State Key Laboratory of Soil Erosion and Dryland Farming on the Loess Plateau, Institute of Soil and Water Conservation, Northwest A&F University, Yangling, 712100, China; University of Chinese Academy of Sciences, Beijing, 100049, China; College of Xingzhi, Zhejiang Normal University, Jinhua, 321000, China.

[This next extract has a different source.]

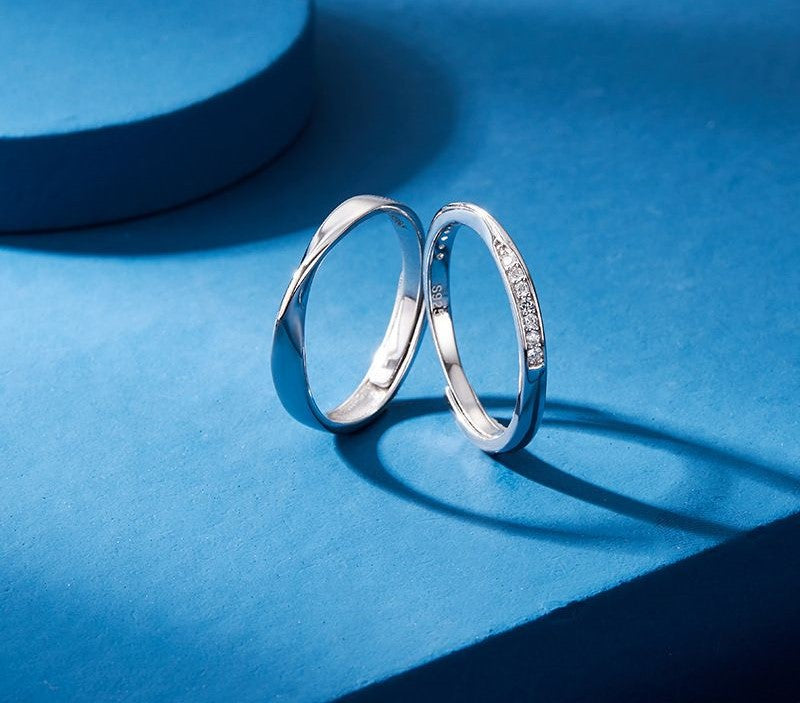 No.13[Ubito] Real Moissanite Rings with 925 Sterling Silver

State Key Laboratory of Soil Erosion and Dryland Farming on the Loess Plateau, Institute of Soil and Water Conservation, Northwest A&F University, Yangling, 712100, China; University of Chinese Academy of Sciences, Beijing, 100049, China.
Environ Pollut. 2019 Jul;250:118-126. doi: 10.1016/j.envpol.2019.03.123. Epub 2019 Apr 9.
Metal-resistant bacteria can survive exposure to high metal concentrations without any negative impact on their growth. Biosorption is considered to be one of the more effective detoxification mechanisms acting in most bacteria. However, molecular-scale characterization of metal biosorption by wild metal-resistant bacteria has been limited. In this study, the Pb(II) biosorption behavior of Serratia Se1998 isolated from Pb-contaminated soil was investigated through macroscopic and microscopic techniques. A four discrete site non-electrostatic model fit the potentiometric titration data best, suggesting a distribution of phosphodiester, carboxyl, phosphoryl, and amino or hydroxyl groups on the cell surface. The presence of these functional groups was verified by the attenuated total reflection Fourier transform infrared (ATR-FTIR) spectroscopy, which also indicated that carboxyl and phosphoryl sites participated in Pb(II) binding simultaneously. The negative enthalpy (-9.11 kJ mol) and large positive entropy (81.52 J mol K) of Pb(II) binding with the bacteria suggested the formation of inner-sphere complexes by an exothermic process. X-ray absorption fine structure (XAFS) analysis further indicated monodentate inner-sphere binding of Pb(II) through formation of C-O-Pb and P-O-Pb bonds. We inferred that C-O-Pb bonds formed on the flagellar surfaces, establishing a self-protective barrier against exterior metal stressors. This study has important implications for an improved understanding of metal-resistance mechanisms in wild bacteria and provides guidance for the construction of genetically engineered bacteria for remediation purposes.
耐金属细菌可以在不受任何生长负面影响的情况下暴露于高浓度金属中。生物吸附被认为是大多数细菌中更有效的解毒机制之一。然而,野生耐金属细菌的金属生物吸附的分子尺度表征一直受到限制。在这项研究中,通过宏观和微观技术研究了从 Pb 污染土壤中分离出的 Serratia Se1998 对 Pb(II)的生物吸附行为。一个四离散位点非静电模型最适合电位滴定数据,表明细胞表面存在磷酸二酯、羧基、磷酸基和氨基或羟基基团的分布。衰减全反射傅里叶变换红外光谱(ATR-FTIR)证实了这些官能团的存在,ATR-FTIR 还表明羧基和磷酸基位点同时参与了 Pb(II)的结合。Pb(II)与细菌结合的负焓(-9.11 kJ/mol)和大的正熵(81.52 J/mol K)表明形成了内球络合物,这是一个放热过程。X 射线吸收精细结构(XAFS)分析进一步表明,Pb(II)通过形成 C-O-Pb 和 P-O-Pb 键以单齿内球结合。我们推断 C-O-Pb 键在鞭毛表面形成,建立了一个自我保护屏障,防止外部金属胁迫剂的侵害。这项研究对深入了解野生细菌的金属抗性机制具有重要意义,并为构建用于修复目的的基因工程细菌提供了指导。